=== Records contained in a dataset ===
======

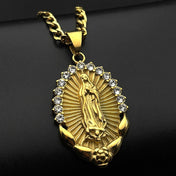 Our Lady of Guadalupe Rhinestone Necklace — Stainless Steel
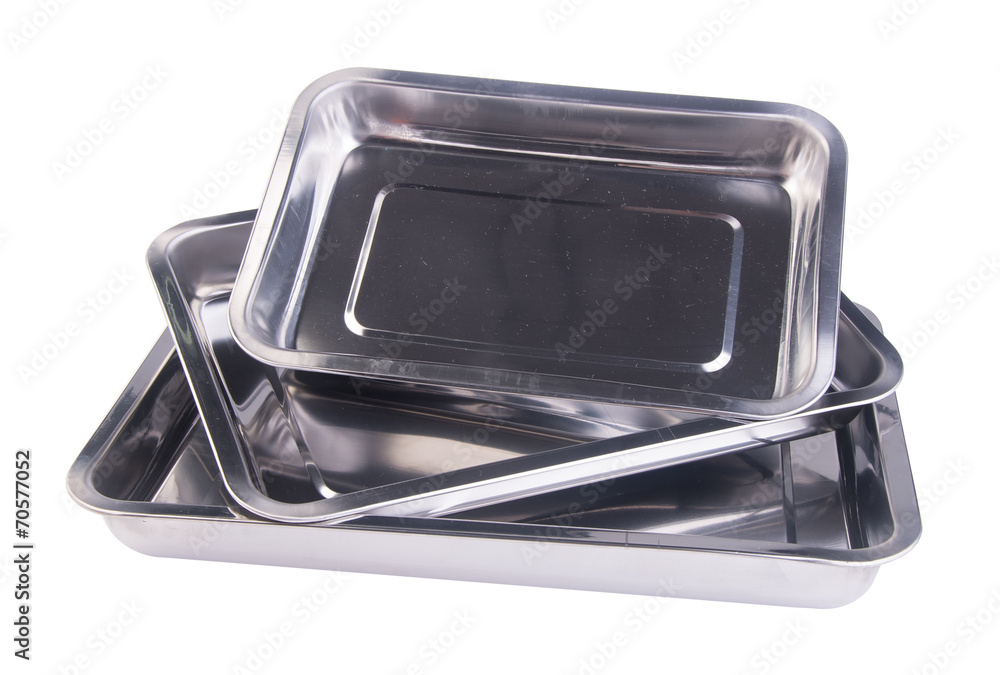 metal empty tray on a background metal empty tray on a background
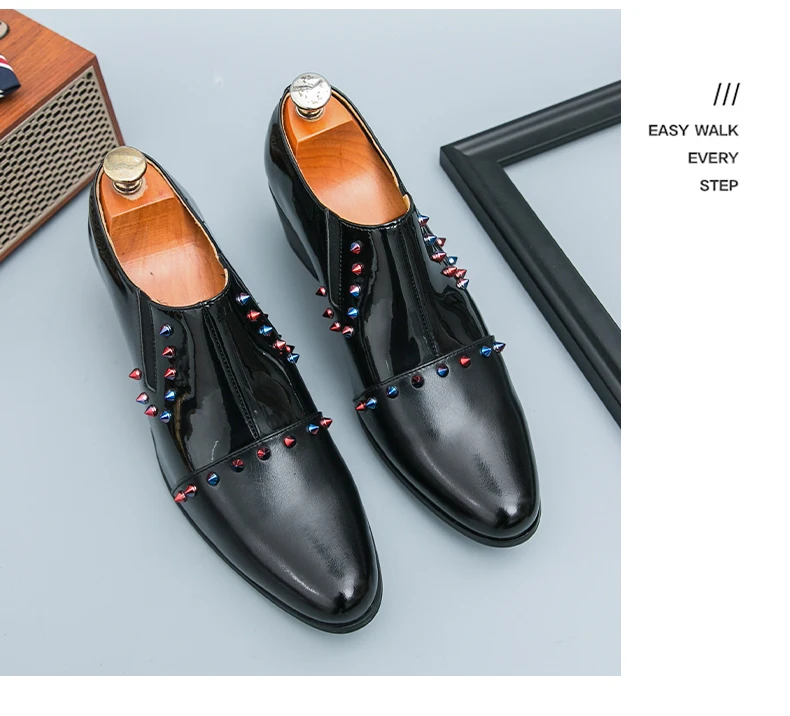 Stilvolle Herren-Kleiderschuhe mit Nieten, Übergröße 46, Slip-On-Leder, formelle Herrenschuhe, goldene Hochzeitsschuhe mit hohen Absätzen, Herren-Chaussure-M hommes – Detail 12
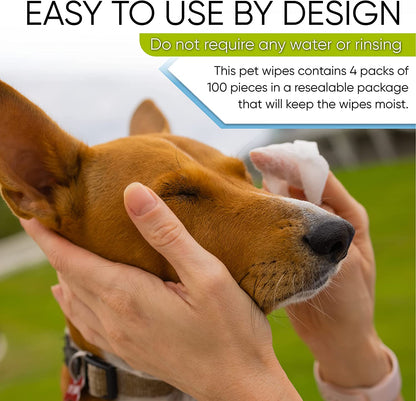 MagiCare Unscented Pet Wipes for Dogs & Cats, 400ct Soft Packs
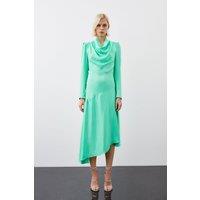 Viscose Satin Asymmetric Woven Maxi Dress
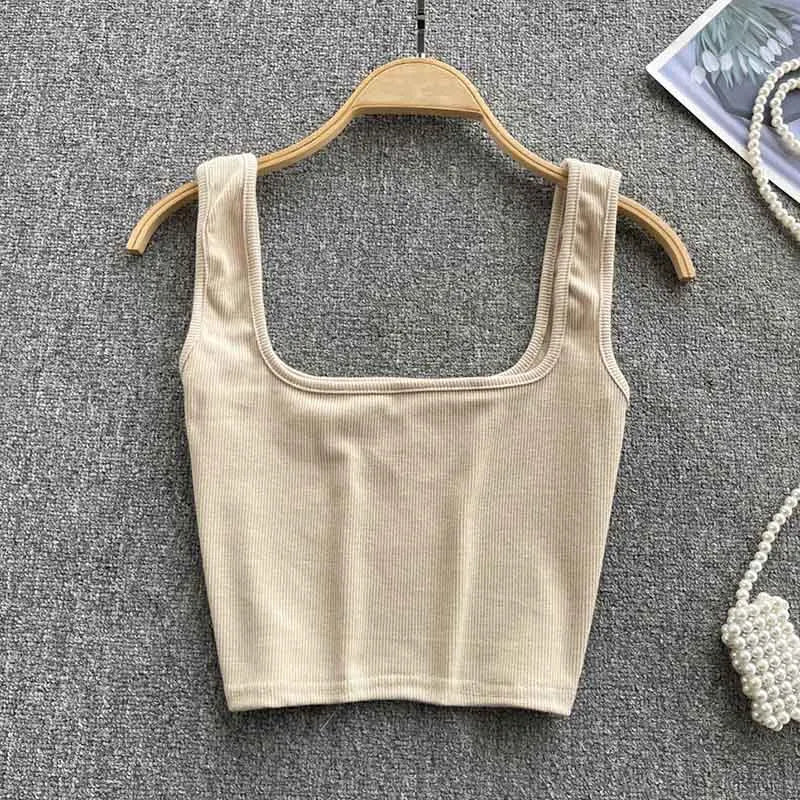 Rugloze Cropped Tanktop in Effen Kleur – Zayra
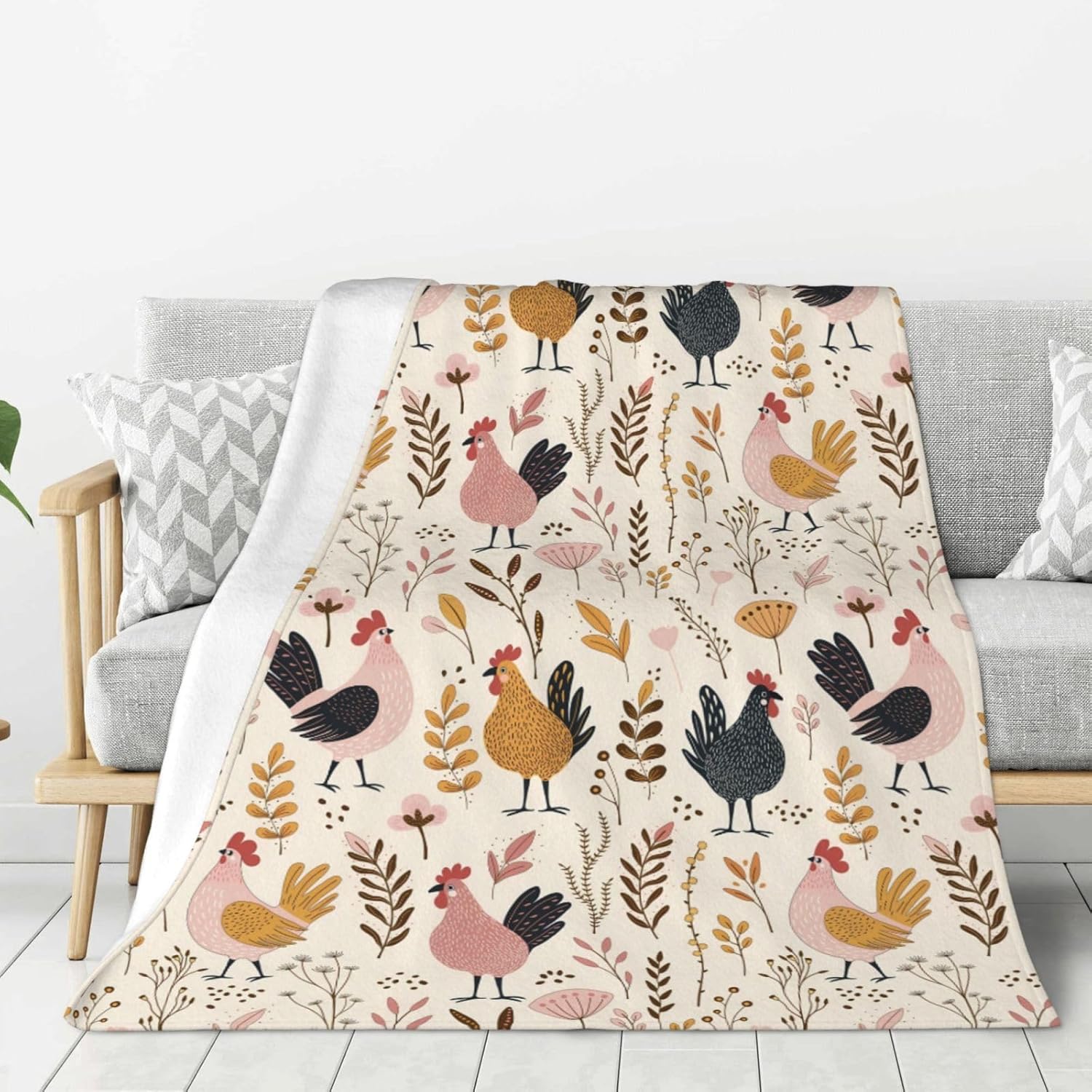 Chicken Throw Blanket – Gift for Chicken Lovers – Premium Anti-Pilling Flannel Soft Warm Lightweight Blanket (Cute Chickens, 80"x60")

======

=== WORK REQUEST ===
Every line from the one containing "Viscose Satin Asymmetric Woven Maxi Dress" through the last line of the data is to be retyped exactly, with nothing added and no pictures included.

=== YOUR SOLUTION ===
 Viscose Satin Asymmetric Woven Maxi Dress
 Rugloze Cropped Tanktop in Effen Kleur – Zayra
 Chicken Throw Blanket – Gift for Chicken Lovers – Premium Anti-Pilling Flannel Soft Warm Lightweight Blanket (Cute Chickens, 80"x60")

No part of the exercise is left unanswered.